The just-unveiled Ferrari 488 GTB heralds the successor to the 458 Italia and is the first of the brand’s current mid-engined V8 supercars to adopt turbocharging.
Ferrari’s new GTB arrives 40 years after the company's first mid-rear-engined V8 model to wear the Gran Turismo Berlinetta, the 308 GTB, and follows the California T in signalling the end of the company’s famous naturally aspirated eight-cylinders.
The 488 GTB’s 3902cc engine is similar in capacity to the GT convertible’s 3855cc unit and also employs dual turbos, though is said to be a different design.
Power is substantially higher than both the California T (412kW) and 458 (419kW), with 492kW produced at 8000rpm.
Torque is also significantly increased over the 458, from 540Nm to 760Nm – though as with the California T the maximum pulling power is available only in top (seventh) gear of the dual-clutch gearbox.
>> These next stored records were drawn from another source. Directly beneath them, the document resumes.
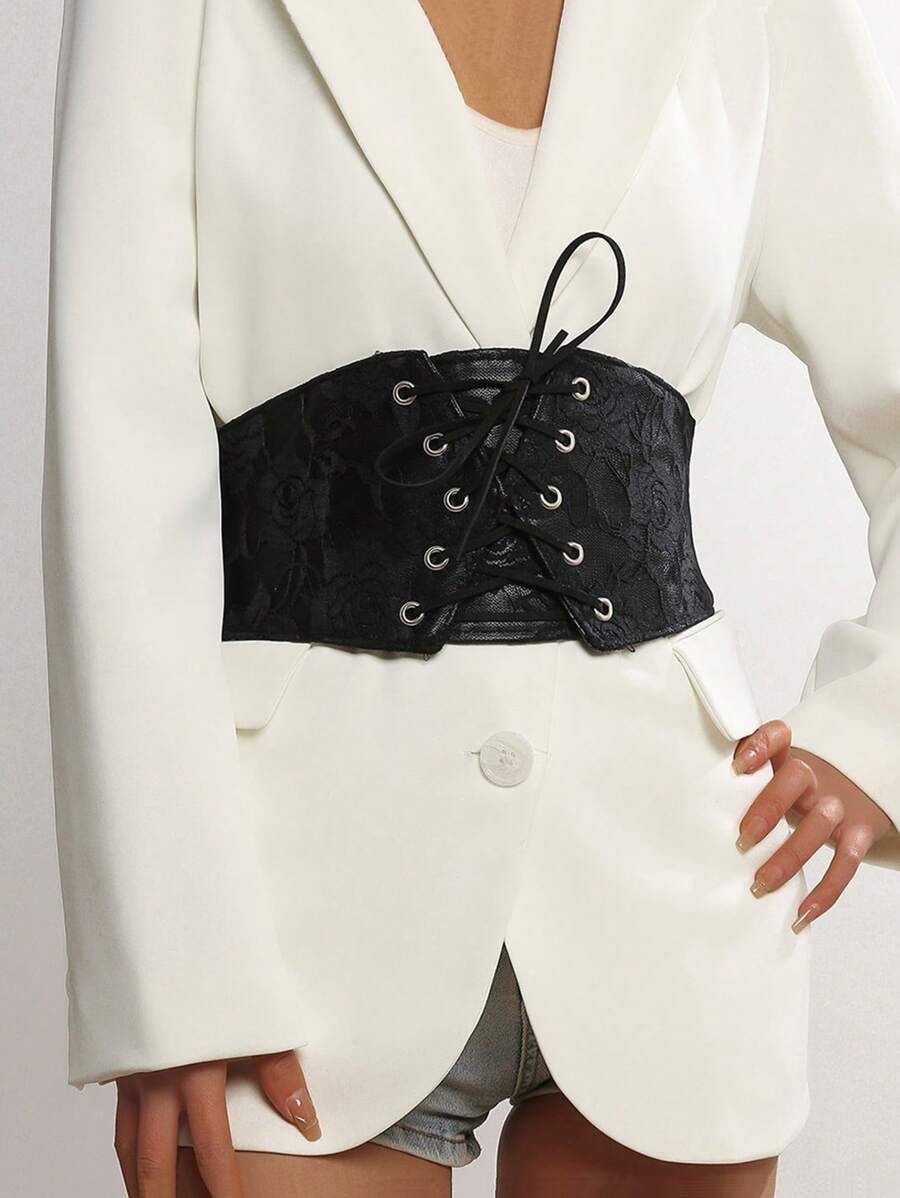 1 件哥特式蕾丝抽绳束身衣腰带，百搭自系腰带，适合女士套装毛衣角色扮演深色风格，松紧腰部装饰 - 黑色 - 查看 1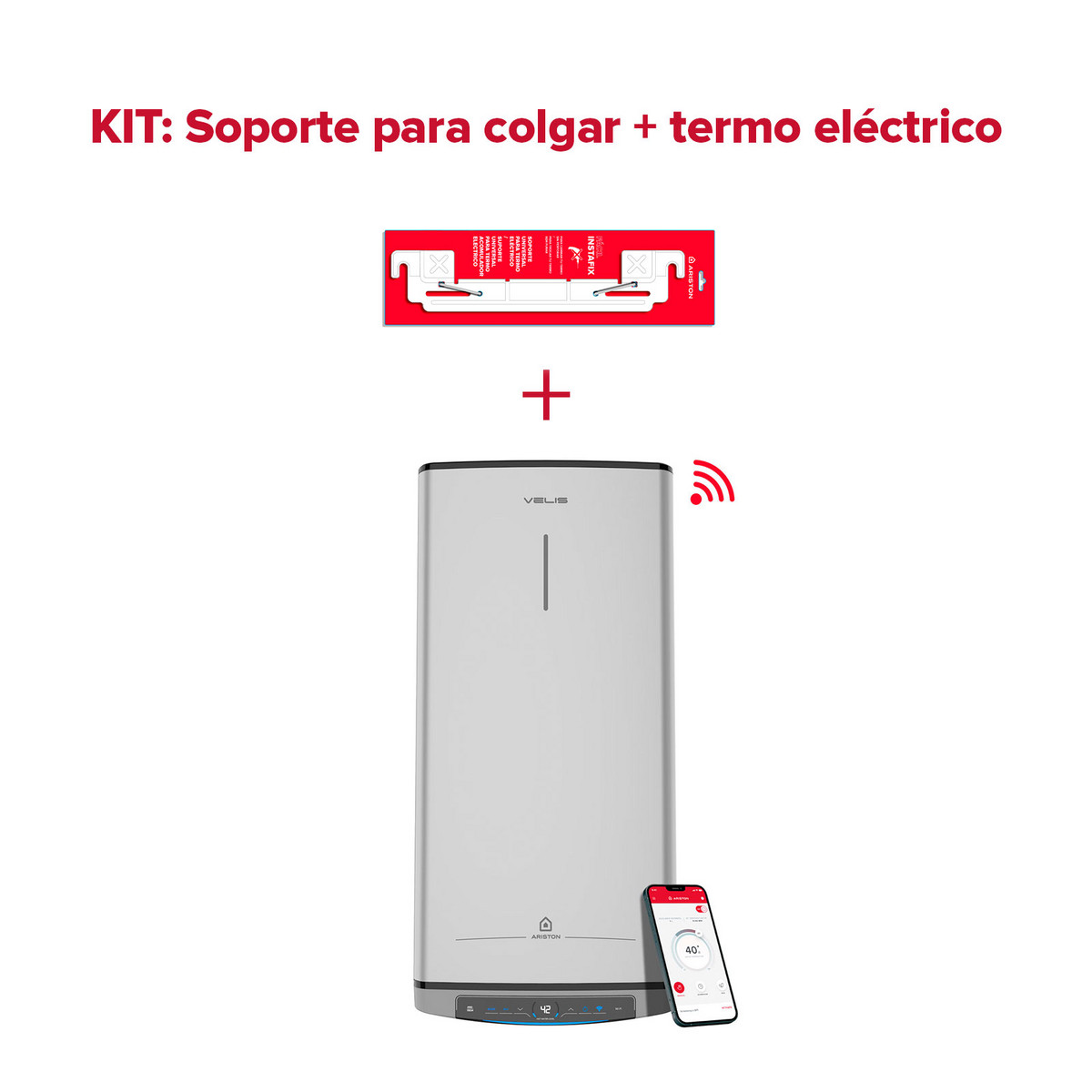 141543846_1 VELIS Termo Eléctrico - VELIS TECH DRY WIFI 100 ES EU + INSTAFIX ARISTON, 100 l, Gris - Imagen 1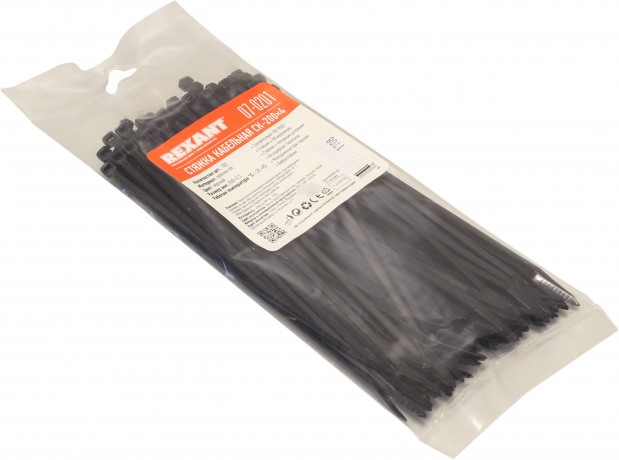Хомут-стяжка REXANT 200х3,5 мм., 100 шт, черный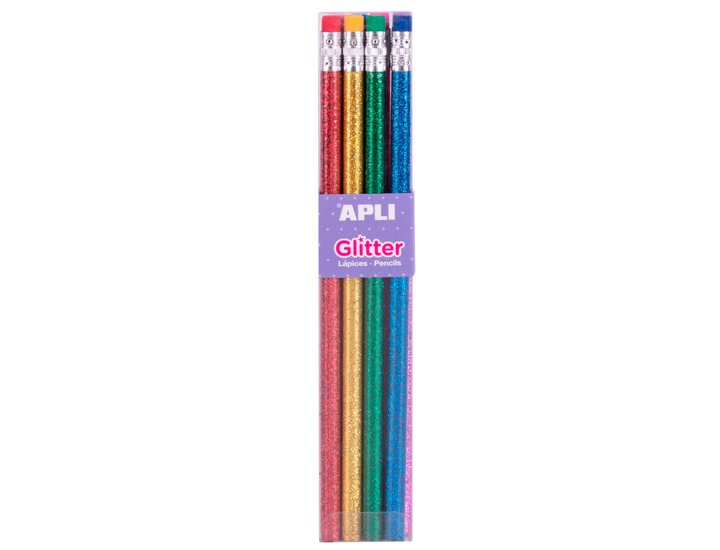 LAPIZ APLI HB CON GOMA GLITTER PACK 8 LAPICES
Ferrari’s variable torque management is at play here, designed to produce a power delivery more in keeping with the character of a non-turbo V8.
While the twin-turbo V8 doesn’t rev as high as the 9000rpm of the 458’s 4.5-litre V8, performance is lifted markedly.
The Ferrari 488 GTB sprints from 0-100km/h in the same 3.0 seconds as the 458 Speciale but reaches 200km/h in just 8.3 seconds and is 0.5 seconds faster (1min23sec) than the Speciale around Ferrari’s Fiorano test track.
Turbos always bring concerns about engine sound, but Ferrari is insisting its engineers have ensured the 458 successor has a "distinctive" soundtrack that will live up to expectations.
The introduction of turbos is primarily to help improve efficiency – even Ferrari can’t escape ever-stricter emissions regulations – and the 488 lowers fuel consumption from 13.3 litres per 100km to 11.4L/100km and C02 emissions from 307 grams per kilometre to 260g/km.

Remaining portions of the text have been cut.